• [Exercise] Reproduce all of the data exactly.

--- START ---

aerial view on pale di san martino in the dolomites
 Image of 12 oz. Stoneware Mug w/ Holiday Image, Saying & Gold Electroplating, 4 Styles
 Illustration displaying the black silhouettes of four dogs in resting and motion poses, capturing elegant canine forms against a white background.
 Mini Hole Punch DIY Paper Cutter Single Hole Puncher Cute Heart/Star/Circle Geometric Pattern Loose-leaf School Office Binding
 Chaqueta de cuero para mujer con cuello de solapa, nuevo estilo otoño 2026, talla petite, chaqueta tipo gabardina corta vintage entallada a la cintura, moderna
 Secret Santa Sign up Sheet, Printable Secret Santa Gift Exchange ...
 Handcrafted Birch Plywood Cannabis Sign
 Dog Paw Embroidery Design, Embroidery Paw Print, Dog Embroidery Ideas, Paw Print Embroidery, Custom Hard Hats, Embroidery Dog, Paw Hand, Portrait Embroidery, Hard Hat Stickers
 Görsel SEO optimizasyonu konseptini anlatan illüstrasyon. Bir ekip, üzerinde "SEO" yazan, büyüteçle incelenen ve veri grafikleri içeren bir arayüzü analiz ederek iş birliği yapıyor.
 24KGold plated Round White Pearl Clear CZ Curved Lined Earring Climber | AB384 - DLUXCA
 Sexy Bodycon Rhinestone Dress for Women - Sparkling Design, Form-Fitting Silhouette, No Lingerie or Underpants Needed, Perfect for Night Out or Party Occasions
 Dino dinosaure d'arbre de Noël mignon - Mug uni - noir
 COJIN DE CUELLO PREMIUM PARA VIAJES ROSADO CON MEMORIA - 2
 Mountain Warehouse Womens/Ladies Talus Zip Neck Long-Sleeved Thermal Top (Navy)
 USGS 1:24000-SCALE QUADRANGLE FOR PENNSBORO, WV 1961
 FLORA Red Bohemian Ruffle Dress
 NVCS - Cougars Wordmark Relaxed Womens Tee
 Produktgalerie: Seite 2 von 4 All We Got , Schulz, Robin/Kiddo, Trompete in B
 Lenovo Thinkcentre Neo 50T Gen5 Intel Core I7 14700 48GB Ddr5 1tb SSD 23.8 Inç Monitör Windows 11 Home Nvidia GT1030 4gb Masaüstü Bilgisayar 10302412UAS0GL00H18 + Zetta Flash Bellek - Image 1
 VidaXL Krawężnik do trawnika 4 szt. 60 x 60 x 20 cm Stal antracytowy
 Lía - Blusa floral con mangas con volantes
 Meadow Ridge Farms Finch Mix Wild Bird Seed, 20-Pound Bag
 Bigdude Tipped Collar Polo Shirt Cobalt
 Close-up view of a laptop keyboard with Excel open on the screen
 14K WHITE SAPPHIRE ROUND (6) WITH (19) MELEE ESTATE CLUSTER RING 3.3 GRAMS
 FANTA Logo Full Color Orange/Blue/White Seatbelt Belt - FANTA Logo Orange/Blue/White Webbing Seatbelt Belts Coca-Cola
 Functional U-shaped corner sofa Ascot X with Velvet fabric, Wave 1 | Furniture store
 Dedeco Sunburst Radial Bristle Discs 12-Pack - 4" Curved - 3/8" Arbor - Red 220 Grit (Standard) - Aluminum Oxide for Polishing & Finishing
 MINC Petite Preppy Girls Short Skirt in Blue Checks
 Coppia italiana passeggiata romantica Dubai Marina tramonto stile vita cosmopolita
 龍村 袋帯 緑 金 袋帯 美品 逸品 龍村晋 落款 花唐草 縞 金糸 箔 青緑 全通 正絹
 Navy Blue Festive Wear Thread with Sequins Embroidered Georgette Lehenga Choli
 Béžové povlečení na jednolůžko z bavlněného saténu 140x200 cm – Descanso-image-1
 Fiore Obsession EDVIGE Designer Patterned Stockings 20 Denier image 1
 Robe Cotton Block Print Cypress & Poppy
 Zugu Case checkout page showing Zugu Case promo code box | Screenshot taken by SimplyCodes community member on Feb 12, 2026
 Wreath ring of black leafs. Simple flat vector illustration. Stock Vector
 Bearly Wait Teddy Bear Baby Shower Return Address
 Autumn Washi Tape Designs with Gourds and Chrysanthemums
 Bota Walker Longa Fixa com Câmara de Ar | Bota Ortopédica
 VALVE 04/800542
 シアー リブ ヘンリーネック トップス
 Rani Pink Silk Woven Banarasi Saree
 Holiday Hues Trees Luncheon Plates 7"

--- END ---

• [Output for this task]
aerial view on pale di san martino in the dolomites
 Image of 12 oz. Stoneware Mug w/ Holiday Image, Saying & Gold Electroplating, 4 Styles
 Illustration displaying the black silhouettes of four dogs in resting and motion poses, capturing elegant canine forms against a white background.
 Mini Hole Punch DIY Paper Cutter Single Hole Puncher Cute Heart/Star/Circle Geometric Pattern Loose-leaf School Office Binding
 Chaqueta de cuero para mujer con cuello de solapa, nuevo estilo otoño 2026, talla petite, chaqueta tipo gabardina corta vintage entallada a la cintura, moderna
 Secret Santa Sign up Sheet, Printable Secret Santa Gift Exchange ...
 Handcrafted Birch Plywood Cannabis Sign
 Dog Paw Embroidery Design, Embroidery Paw Print, Dog Embroidery Ideas, Paw Print Embroidery, Custom Hard Hats, Embroidery Dog, Paw Hand, Portrait Embroidery, Hard Hat Stickers
 Görsel SEO optimizasyonu konseptini anlatan illüstrasyon. Bir ekip, üzerinde "SEO" yazan, büyüteçle incelenen ve veri grafikleri içeren bir arayüzü analiz ederek iş birliği yapıyor.
 24KGold plated Round White Pearl Clear CZ Curved Lined Earring Climber | AB384 - DLUXCA
 Sexy Bodycon Rhinestone Dress for Women - Sparkling Design, Form-Fitting Silhouette, No Lingerie or Underpants Needed, Perfect for Night Out or Party Occasions
 Dino dinosaure d'arbre de Noël mignon - Mug uni - noir
 COJIN DE CUELLO PREMIUM PARA VIAJES ROSADO CON MEMORIA - 2
 Mountain Warehouse Womens/Ladies Talus Zip Neck Long-Sleeved Thermal Top (Navy)
 USGS 1:24000-SCALE QUADRANGLE FOR PENNSBORO, WV 1961
 FLORA Red Bohemian Ruffle Dress
 NVCS - Cougars Wordmark Relaxed Womens Tee
 Produktgalerie: Seite 2 von 4 All We Got , Schulz, Robin/Kiddo, Trompete in B
 Lenovo Thinkcentre Neo 50T Gen5 Intel Core I7 14700 48GB Ddr5 1tb SSD 23.8 Inç Monitör Windows 11 Home Nvidia GT1030 4gb Masaüstü Bilgisayar 10302412UAS0GL00H18 + Zetta Flash Bellek - Image 1
 VidaXL Krawężnik do trawnika 4 szt. 60 x 60 x 20 cm Stal antracytowy
 Lía - Blusa floral con mangas con volantes
 Meadow Ridge Farms Finch Mix Wild Bird Seed, 20-Pound Bag
 Bigdude Tipped Collar Polo Shirt Cobalt
 Close-up view of a laptop keyboard with Excel open on the screen
 14K WHITE SAPPHIRE ROUND (6) WITH (19) MELEE ESTATE CLUSTER RING 3.3 GRAMS
 FANTA Logo Full Color Orange/Blue/White Seatbelt Belt - FANTA Logo Orange/Blue/White Webbing Seatbelt Belts Coca-Cola
 Functional U-shaped corner sofa Ascot X with Velvet fabric, Wave 1 | Furniture store
 Dedeco Sunburst Radial Bristle Discs 12-Pack - 4" Curved - 3/8" Arbor - Red 220 Grit (Standard) - Aluminum Oxide for Polishing & Finishing
 MINC Petite Preppy Girls Short Skirt in Blue Checks
 Coppia italiana passeggiata romantica Dubai Marina tramonto stile vita cosmopolita
 龍村 袋帯 緑 金 袋帯 美品 逸品 龍村晋 落款 花唐草 縞 金糸 箔 青緑 全通 正絹
 Navy Blue Festive Wear Thread with Sequins Embroidered Georgette Lehenga Choli
 Béžové povlečení na jednolůžko z bavlněného saténu 140x200 cm – Descanso-image-1
 Fiore Obsession EDVIGE Designer Patterned Stockings 20 Denier image 1
 Robe Cotton Block Print Cypress & Poppy
 Zugu Case checkout page showing Zugu Case promo code box | Screenshot taken by SimplyCodes community member on Feb 12, 2026
 Wreath ring of black leafs. Simple flat vector illustration. Stock Vector
 Bearly Wait Teddy Bear Baby Shower Return Address
 Autumn Washi Tape Designs with Gourds and Chrysanthemums
 Bota Walker Longa Fixa com Câmara de Ar | Bota Ortopédica
 VALVE 04/800542
 シアー リブ ヘンリーネック トップス
 Rani Pink Silk Woven Banarasi Saree
 Holiday Hues Trees Luncheon Plates 7"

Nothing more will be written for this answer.